**DATA IN THIS EXERCISE:**
========================

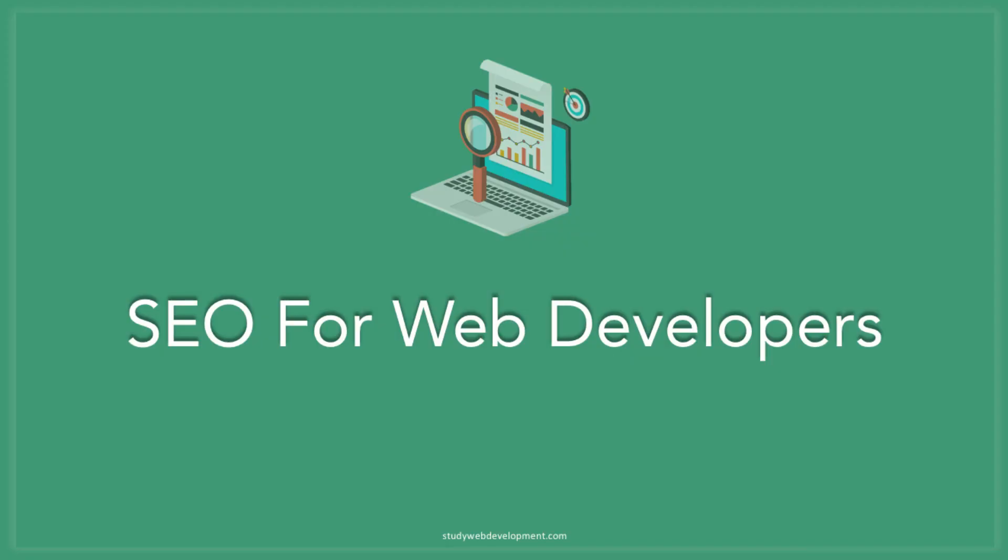Hey guys, I'm Kyle from StudyWebDevelopment.com. Today I want to talk to you about SEO and why I think it's a beneficial skill to have as a freelance developer.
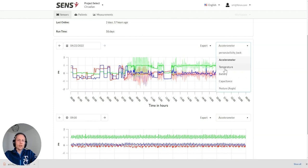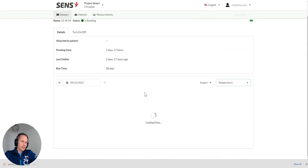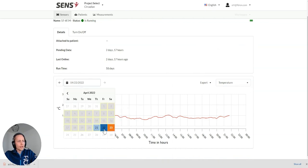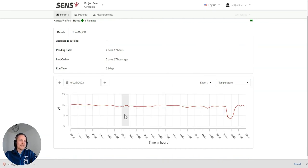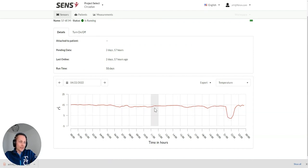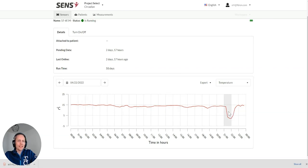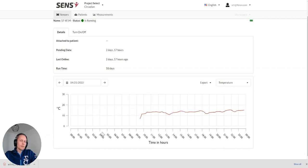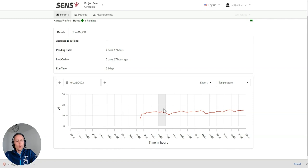And what else we can check from here? The device also has a temperature sensor. In this case, there's not much information. Maybe the person has been going outside there. It's going close to minus degrees when the person has been outside in the evening.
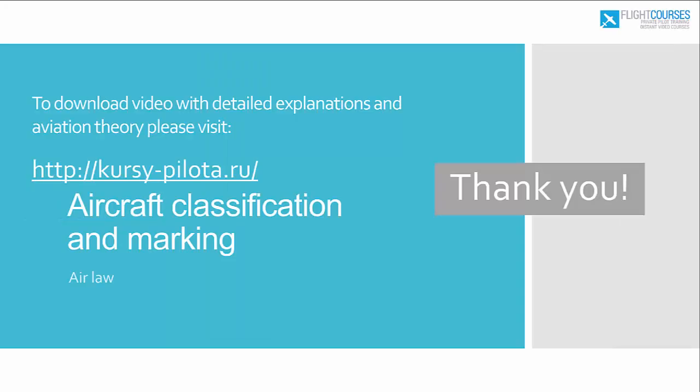Sorry for my English. Thank you very much for your attention. Next video will be about pilot licensing rules. Thank you, bye!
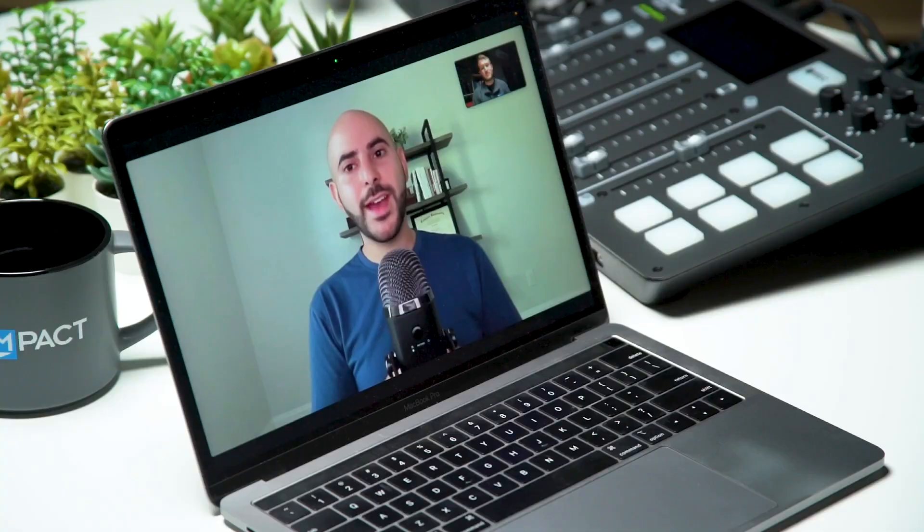So when businesses start with HubSpot, sometimes they have other software they're working with that can integrate with HubSpot — and sometimes cannot. What is the best way to approach starting out with HubSpot as a business and getting those other software programs to work within it?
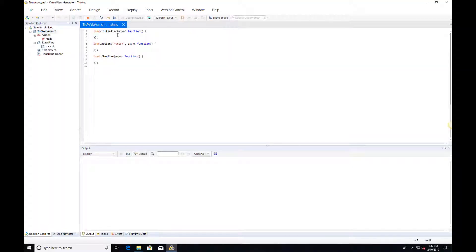Welcome to the first video on asynchronous programming using Microfocus's TrueWeb protocol. This is the first in a set of tutorial videos about using asynchronous development techniques and APIs in your TrueWeb scripts.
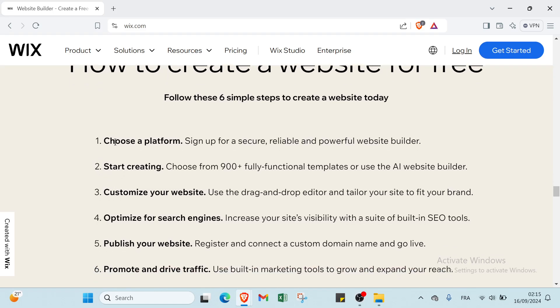The first step is choose a platform - sign up for a secure, reliable, and powerful website builder. Then we have start creating - choose from over 900+ fully functional templates or use the AI website builder.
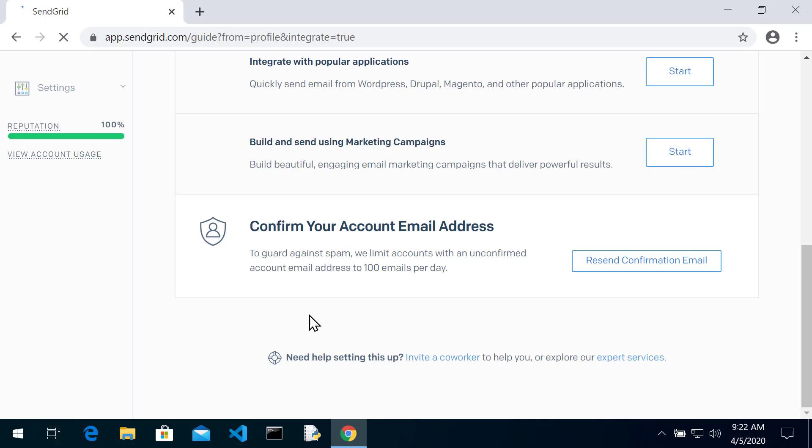Now it's going to say that you have to confirm your email address, so go back to your email that you used and confirm the account. I'm going to go do that right now.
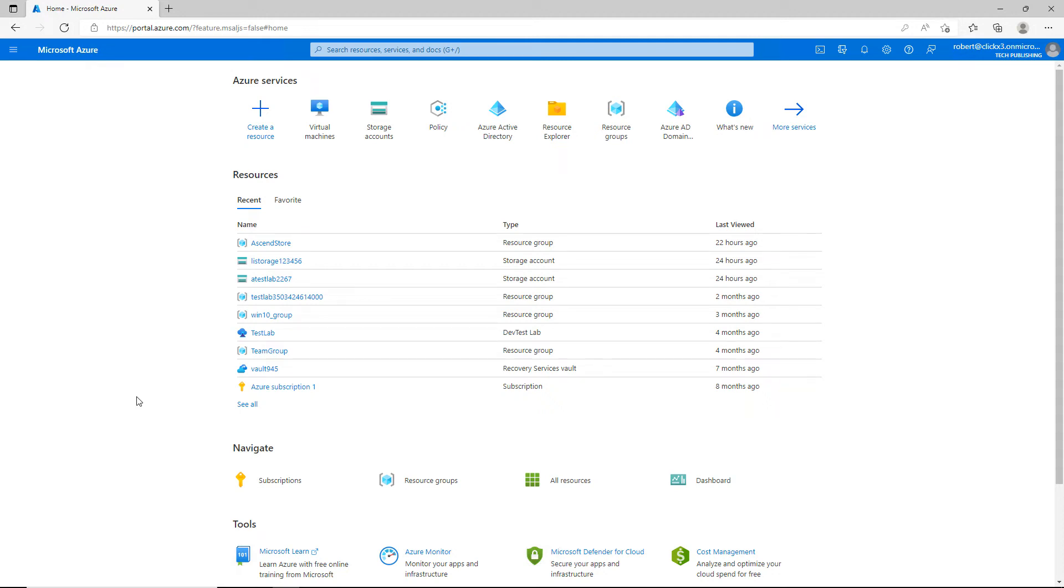Containers are self-contained applications that can be easily moved between servers in Azure or on-premises. I'm in my Azure portal and I'm going to create a container.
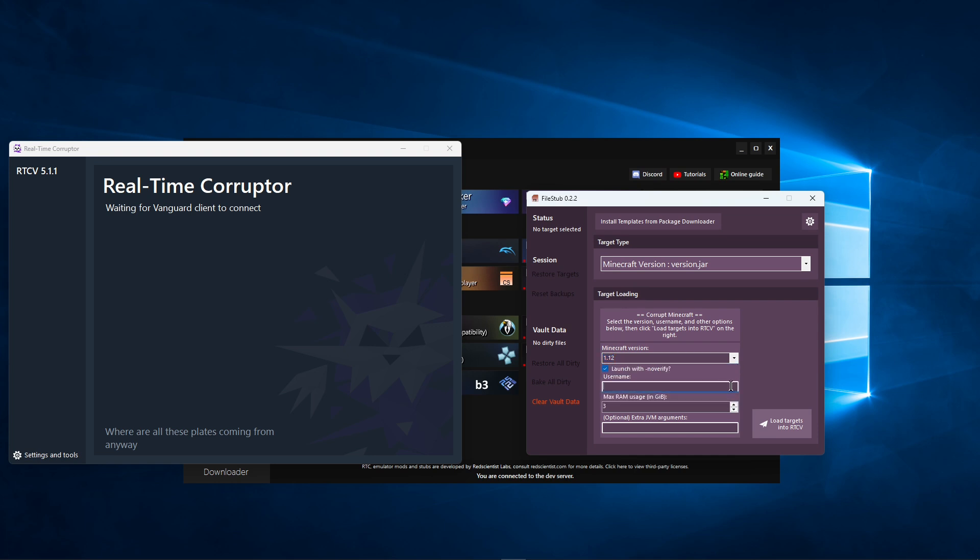Enter your username in this box, then click Load Targets into RTCB.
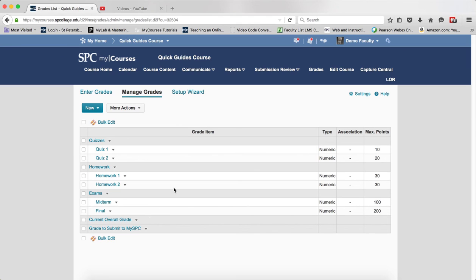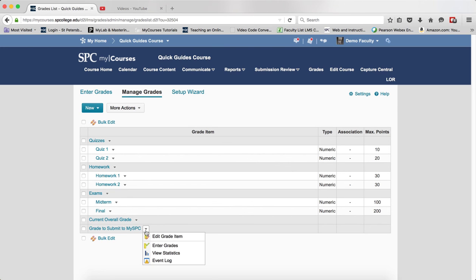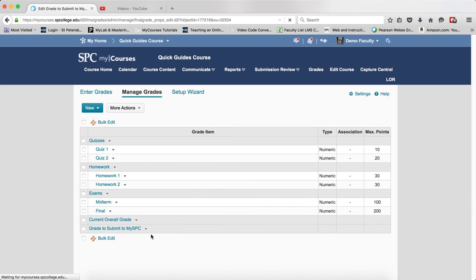You may need to scroll down until you see the Grade to Submit to My SPC. Click on the context menu next to that item, Grade to Submit to My SPC, and click Edit Grade Item.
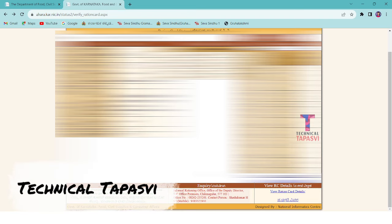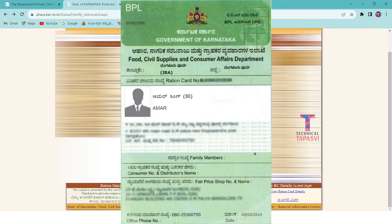Hello everyone, welcome to the technical channel. I am Vikram. In this video, you can print the ration card.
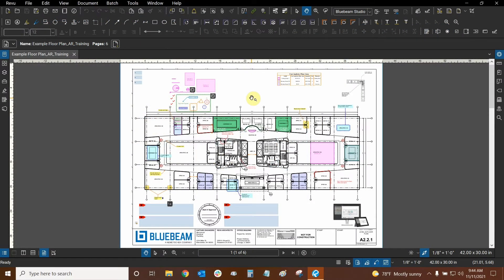Hi everyone and welcome to Bluebeam Review. My name is Ari and I'm a Bluebeam certified instructor with Digital Drafting Systems. Today we're going to learn how to create page labels.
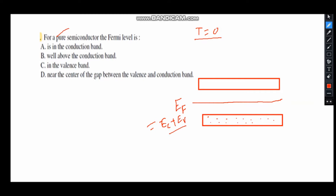If temperature is zero, electrons remain in the valence band and the conduction band remains empty. However, if the temperature is increased — meaning there is thermal excitation — electrons get excited from the valence band to the conduction band, leaving a hole in the valence band. So the answer is option D: the Fermi level lies in the middle of the band gap.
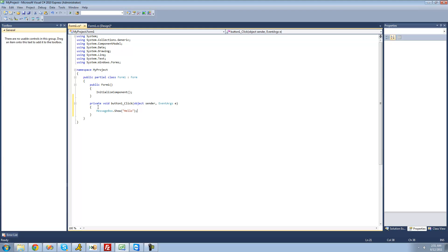So once again, we're going to type out MessageBox to have a message box be shown, then .Show to actually show it. Inside of these two parentheses — the parameters — we're going to pass through a string or text. We just have to type out two quotes to represent the text, and inside of there type the text we want displayed inside of the message box. I just want it to say hello.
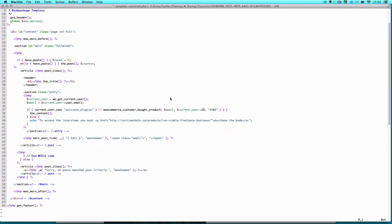And the important part is right here on line 37. I'm actually authorizing it two ways. It says if current user can activate plugins. So that's basically an admin or a super admin on my network. Or, and here's the cool function, is WooCommerce customer bought product. And that takes three things. It takes the email of the user, the current user ID, and the product ID.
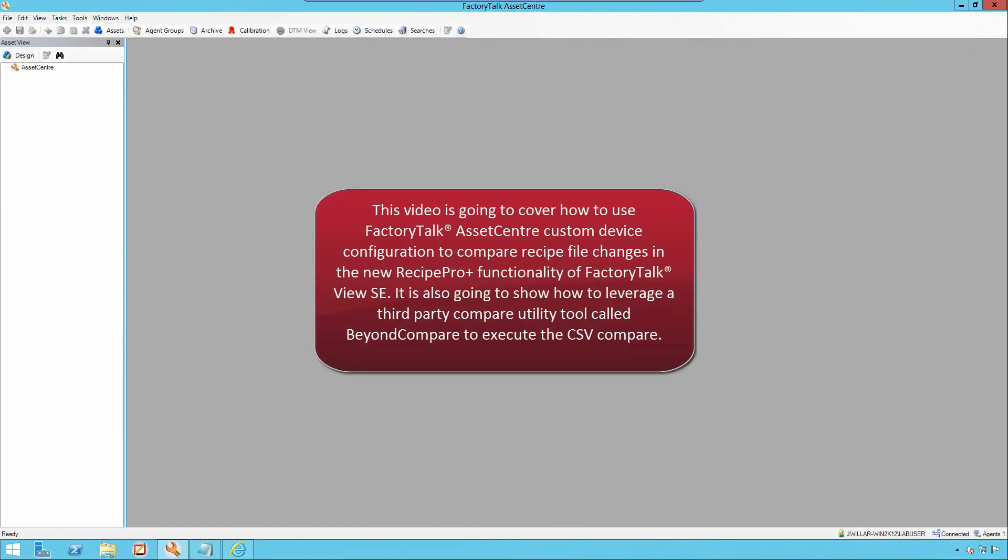This video is going to cover how to use FactoryTalk Asset Center's custom device configuration to compare recipe file changes in the new RecipeProPlus functionality of FactoryTalk Vue SE. It is also going to show how to leverage a third-party compare utility tool called BeyondCompare to execute the CSV compare.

========================

**EXERCISE AIM:** Restate word for word only the lines from the one with "Enter your username" through the last line of the material, both included. Any picture should be left out.

**COMPLETED TASK:**
Enter your username in this box, then click Load Targets into RTCB.
You may need to scroll down until you see the Grade to Submit to My SPC. Click on the context menu next to that item, Grade to Submit to My SPC, and click Edit Grade Item.
Hello everyone, welcome to the technical channel. I am Vikram. In this video, you can print the ration card.
Hi everyone and welcome to Bluebeam Review. My name is Ari and I'm a Bluebeam certified instructor with Digital Drafting Systems. Today we're going to learn how to create page labels.
If temperature is zero, electrons remain in the valence band and the conduction band remains empty. However, if the temperature is increased — meaning there is thermal excitation — electrons get excited from the valence band to the conduction band, leaving a hole in the valence band. So the answer is option D: the Fermi level lies in the middle of the band gap.
So once again, we're going to type out MessageBox to have a message box be shown, then .Show to actually show it. Inside of these two parentheses — the parameters — we're going to pass through a string or text. We just have to type out two quotes to represent the text, and inside of there type the text we want displayed inside of the message box. I just want it to say hello.
And the important part is right here on line 37. I'm actually authorizing it two ways. It says if current user can activate plugins. So that's basically an admin or a super admin on my network. Or, and here's the cool function, is WooCommerce customer bought product. And that takes three things. It takes the email of the user, the current user ID, and the product ID.
This video is going to cover how to use FactoryTalk Asset Center's custom device configuration to compare recipe file changes in the new RecipeProPlus functionality of FactoryTalk Vue SE. It is also going to show how to leverage a third-party compare utility tool called BeyondCompare to execute the CSV compare.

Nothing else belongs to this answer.